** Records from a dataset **
▼

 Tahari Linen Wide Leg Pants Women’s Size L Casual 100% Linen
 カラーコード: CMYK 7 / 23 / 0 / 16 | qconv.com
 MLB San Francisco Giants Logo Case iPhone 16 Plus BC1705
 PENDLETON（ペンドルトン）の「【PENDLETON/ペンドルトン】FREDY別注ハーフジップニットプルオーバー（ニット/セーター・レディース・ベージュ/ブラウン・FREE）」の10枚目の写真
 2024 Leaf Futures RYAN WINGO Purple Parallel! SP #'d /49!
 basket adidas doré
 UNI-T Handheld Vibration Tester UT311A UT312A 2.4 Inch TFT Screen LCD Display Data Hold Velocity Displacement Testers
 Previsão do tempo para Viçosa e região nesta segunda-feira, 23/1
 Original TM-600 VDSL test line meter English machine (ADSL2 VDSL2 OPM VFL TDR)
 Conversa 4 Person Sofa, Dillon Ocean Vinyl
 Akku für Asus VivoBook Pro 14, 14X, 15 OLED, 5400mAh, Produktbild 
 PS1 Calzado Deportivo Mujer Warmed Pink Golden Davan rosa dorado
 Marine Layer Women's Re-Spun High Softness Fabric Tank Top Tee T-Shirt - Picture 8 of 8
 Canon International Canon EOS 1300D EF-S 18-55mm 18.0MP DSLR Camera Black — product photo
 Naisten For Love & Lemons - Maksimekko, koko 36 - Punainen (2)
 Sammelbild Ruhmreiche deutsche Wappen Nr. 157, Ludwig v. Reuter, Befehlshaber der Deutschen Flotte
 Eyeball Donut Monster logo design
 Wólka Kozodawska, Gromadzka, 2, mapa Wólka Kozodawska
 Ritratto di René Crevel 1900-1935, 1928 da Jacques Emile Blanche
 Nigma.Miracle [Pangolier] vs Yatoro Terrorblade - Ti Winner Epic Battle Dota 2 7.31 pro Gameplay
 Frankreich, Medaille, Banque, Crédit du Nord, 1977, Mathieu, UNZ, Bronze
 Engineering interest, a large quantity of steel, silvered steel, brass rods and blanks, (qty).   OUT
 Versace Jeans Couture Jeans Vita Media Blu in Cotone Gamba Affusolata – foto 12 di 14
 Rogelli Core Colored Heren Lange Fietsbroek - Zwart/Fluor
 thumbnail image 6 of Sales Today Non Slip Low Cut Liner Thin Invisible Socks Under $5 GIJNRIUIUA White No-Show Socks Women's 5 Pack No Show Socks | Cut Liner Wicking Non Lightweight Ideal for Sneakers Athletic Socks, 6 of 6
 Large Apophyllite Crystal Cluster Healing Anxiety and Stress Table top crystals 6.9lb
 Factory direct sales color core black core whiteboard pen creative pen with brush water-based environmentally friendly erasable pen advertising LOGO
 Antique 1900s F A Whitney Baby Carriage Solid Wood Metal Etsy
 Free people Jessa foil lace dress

▲

** Task **
Print the records once more, exactly as they were given.

** Answer for the task **
 Tahari Linen Wide Leg Pants Women’s Size L Casual 100% Linen
 カラーコード: CMYK 7 / 23 / 0 / 16 | qconv.com
 MLB San Francisco Giants Logo Case iPhone 16 Plus BC1705
 PENDLETON（ペンドルトン）の「【PENDLETON/ペンドルトン】FREDY別注ハーフジップニットプルオーバー（ニット/セーター・レディース・ベージュ/ブラウン・FREE）」の10枚目の写真
 2024 Leaf Futures RYAN WINGO Purple Parallel! SP #'d /49!
 basket adidas doré
 UNI-T Handheld Vibration Tester UT311A UT312A 2.4 Inch TFT Screen LCD Display Data Hold Velocity Displacement Testers
 Previsão do tempo para Viçosa e região nesta segunda-feira, 23/1
 Original TM-600 VDSL test line meter English machine (ADSL2 VDSL2 OPM VFL TDR)
 Conversa 4 Person Sofa, Dillon Ocean Vinyl
 Akku für Asus VivoBook Pro 14, 14X, 15 OLED, 5400mAh, Produktbild 
 PS1 Calzado Deportivo Mujer Warmed Pink Golden Davan rosa dorado
 Marine Layer Women's Re-Spun High Softness Fabric Tank Top Tee T-Shirt - Picture 8 of 8
 Canon International Canon EOS 1300D EF-S 18-55mm 18.0MP DSLR Camera Black — product photo
 Naisten For Love & Lemons - Maksimekko, koko 36 - Punainen (2)
 Sammelbild Ruhmreiche deutsche Wappen Nr. 157, Ludwig v. Reuter, Befehlshaber der Deutschen Flotte
 Eyeball Donut Monster logo design
 Wólka Kozodawska, Gromadzka, 2, mapa Wólka Kozodawska
 Ritratto di René Crevel 1900-1935, 1928 da Jacques Emile Blanche
 Nigma.Miracle [Pangolier] vs Yatoro Terrorblade - Ti Winner Epic Battle Dota 2 7.31 pro Gameplay
 Frankreich, Medaille, Banque, Crédit du Nord, 1977, Mathieu, UNZ, Bronze
 Engineering interest, a large quantity of steel, silvered steel, brass rods and blanks, (qty).   OUT
 Versace Jeans Couture Jeans Vita Media Blu in Cotone Gamba Affusolata – foto 12 di 14
 Rogelli Core Colored Heren Lange Fietsbroek - Zwart/Fluor
 thumbnail image 6 of Sales Today Non Slip Low Cut Liner Thin Invisible Socks Under $5 GIJNRIUIUA White No-Show Socks Women's 5 Pack No Show Socks | Cut Liner Wicking Non Lightweight Ideal for Sneakers Athletic Socks, 6 of 6
 Large Apophyllite Crystal Cluster Healing Anxiety and Stress Table top crystals 6.9lb
 Factory direct sales color core black core whiteboard pen creative pen with brush water-based environmentally friendly erasable pen advertising LOGO
 Antique 1900s F A Whitney Baby Carriage Solid Wood Metal Etsy
 Free people Jessa foil lace dress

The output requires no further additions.